WORK TO COMPLETE:
Copy the listing as it is written, and leave each picture out.

DATASET RECORDS:
○ ○ ○ ○ ○ ○ ○

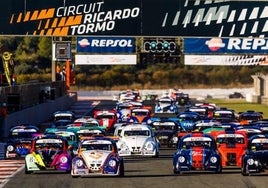 Salida de una carrera de coches clásicos en el Ricardo Tormo.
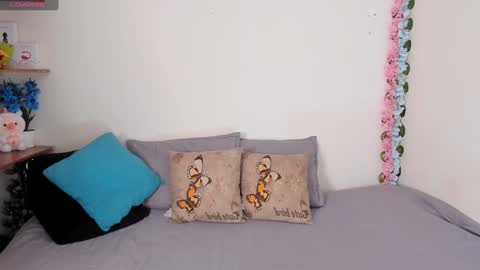 Snapshot of laura1__ chatting on January 20, 12:36 am laura1__ online show from January 20, 12:36 am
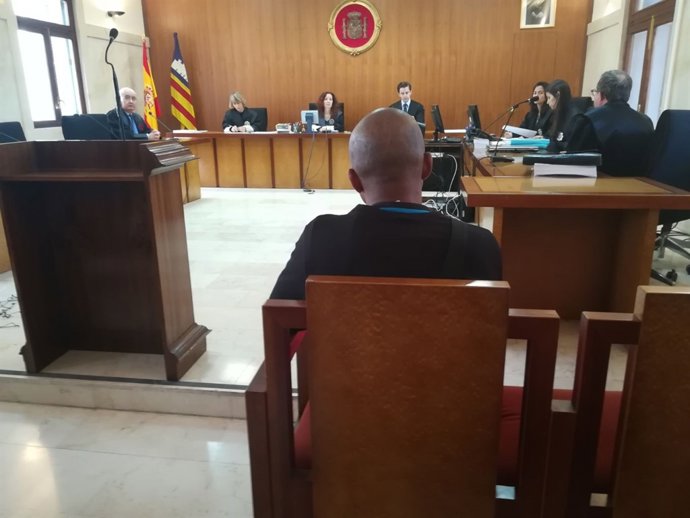 El acusado por falsificar tarjetas de crédito y realizar compras en Mallorca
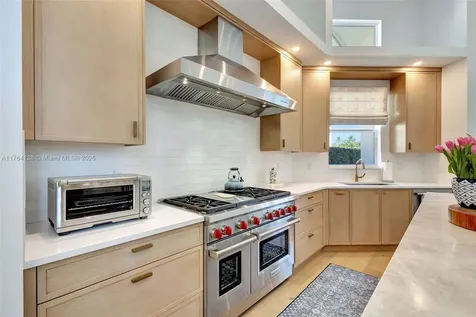 529 Les Jardin Drive Palm Beach Gardens FL 33410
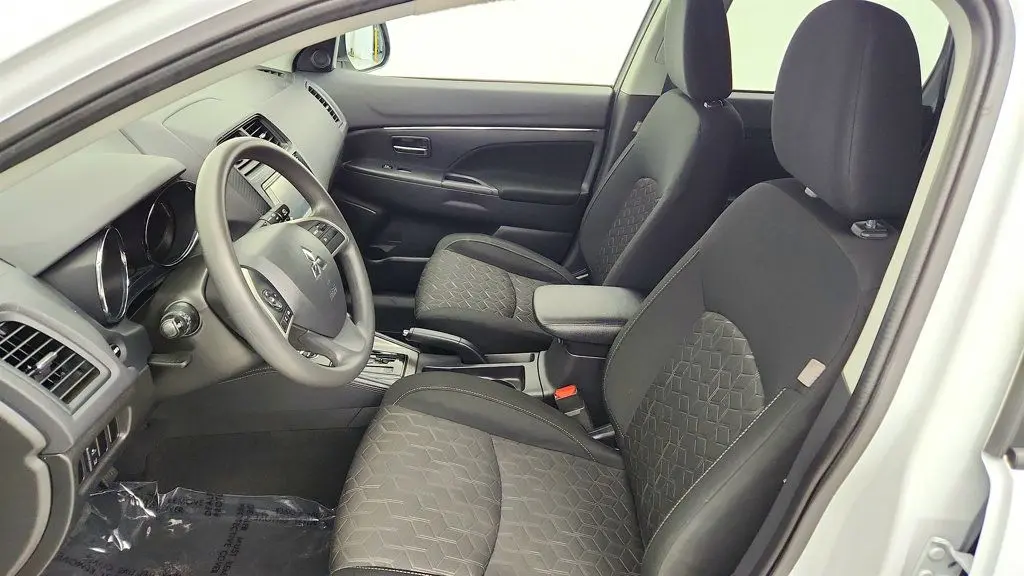 2024 Mitsubishi Outlander - $17,995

○ ○ ○ ○ ○ ○ ○

RESULT OF THE TASK:
 Salida de una carrera de coches clásicos en el Ricardo Tormo.
 Snapshot of laura1__ chatting on January 20, 12:36 am laura1__ online show from January 20, 12:36 am
 El acusado por falsificar tarjetas de crédito y realizar compras en Mallorca
 529 Les Jardin Drive Palm Beach Gardens FL 33410
 2024 Mitsubishi Outlander - $17,995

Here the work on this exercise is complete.